司徒暗香这几天如同活在地狱里一样,天天趴在窗口,看着院子里的人欢声笑语,忙里忙外准备着司徒盈袖的定亲礼。
她不知道自己是怎么熬过来的。
外面的繁花似锦,都不是她的,她就跟一个多余的人一样。
一直告诉自己这不会是真的,一定不会是真的,老天爷不会对她这样,她一向心想事成,想要什么就有什么,没有人能越过她去,没有人……
然而并没有什么用。
她还是眼睁睁看着到了定亲礼的这一天。
司徒暗香自己也不明白自己为什么会有这种“天塌了地陷了最后所有人都死去只有她一个人留下来”的天崩地裂的感觉。
她的心就是止不住的下沉。
窗外的天空明朗靓丽,看在她眼里,却灰蒙蒙如同地狱一样。
她身在地狱,只能仰望天堂。
那些美好都不是她的……
她一直固执地认为这定亲礼一定成不了,但这一次,老天爷好像没有听见她的心声。
这定亲礼不仅成了,而且成得声势浩大,满城皆知。
“谢家的聘礼真是大手笔……”
“是啊,聘礼就不说了,今天谢家全家都来了,给我们大小姐好大的面子呢!”
“何止谢家?你们不知道连皇帝陛下都赐了条幅吗?——佳儿佳妇,多好的吉祥话儿啊!”
“住嘴!”司徒暗香再也听不下去了,对着窗外刚刚走过的几个丫鬟怒斥,“我娘病着呢,你们这样大声喧哗,等我爹回来,把你们一个个都卖到窑子里去!”
沈咏洁曾经说要把她卖到窑子里去,这话一直让司徒暗香耿耿于怀,结果骂丫鬟的时候,居然不小心带出来了。
那几个丫鬟回头,见是二小姐趴在张姨娘住的卧房窗口瞪着她们,互相对视一眼,掩着嘴走了。
虽然张氏叮嘱司徒暗香不要闹事,她只有忍了又忍,但是她只有十岁,忍耐力其实也有限。
这几个丫鬟的话,如同压垮骆驼的最后一根稻草,司徒暗香终于忍不了了,她四下看了看。
暮色四合,天边泛着淡淡的烟霞紫,院子里的下人婆子好像都去吃晚饭了,她和张氏的晚饭还没有送过来,然而她一点都不饿。
她探头出去四下看了看,发现连看院门的婆子都溜走了,终于找到个机会,从沈咏洁看管下钻了出来,往司徒盈袖的至贵堂跑去。
与此同时,一直在暗中监视她的婆子也赶紧去给沈咏洁回报:“夫人,二小姐跑出来了。

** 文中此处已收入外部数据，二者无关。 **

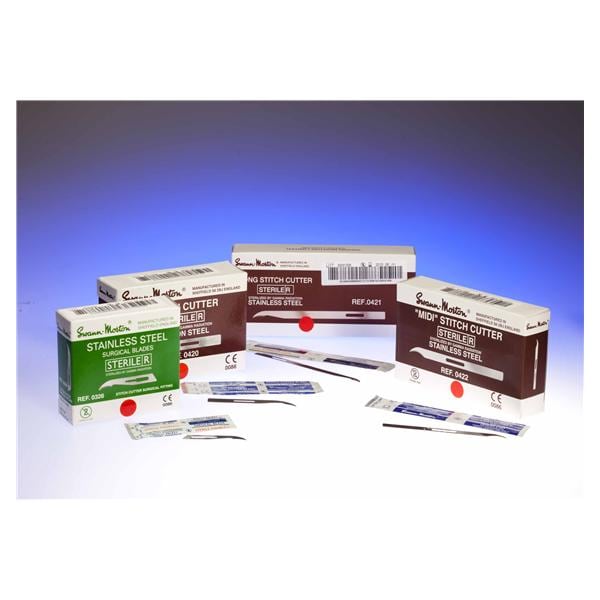 Swann Morton Ltd. Cutter Stitch Swann Morton _ Stainless Steel Disposable 100/Bx - SM0422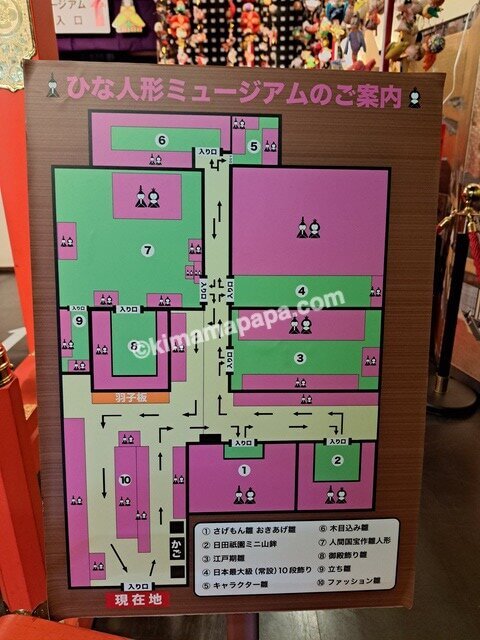 大分県日田市、日田醤油のひな人形ミュージアム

”
沈咏洁点点头,“嗯,我知道了,别拦着她。”
也是时候让她跑出来了。
不然还不好收拾她。
……
“二小姐!二小姐!您不能进去!大小姐在沐浴!”采桑在至贵堂门口拦住了司徒暗香,不许她进去。
司徒暗香推了采桑几把,可惜她人小力弱,根本推不开采桑,眼看就要被她推走了,只好对着浴房的方向大喊:“姐姐!姐姐!我有话要对你说!”
司徒盈袖刚刚从浴房出来,一边走,一边拿大巾子擦着自己湿漉漉的头发。
听见外面传来司徒暗香娇媚的声音,司徒盈袖的手顿了顿,对外面扬声道:“进来吧。”
既然司徒盈袖发了话,采桑不好拦了,只好松开手。
司徒暗香将她猛地一推,冲到司徒盈袖的卧房。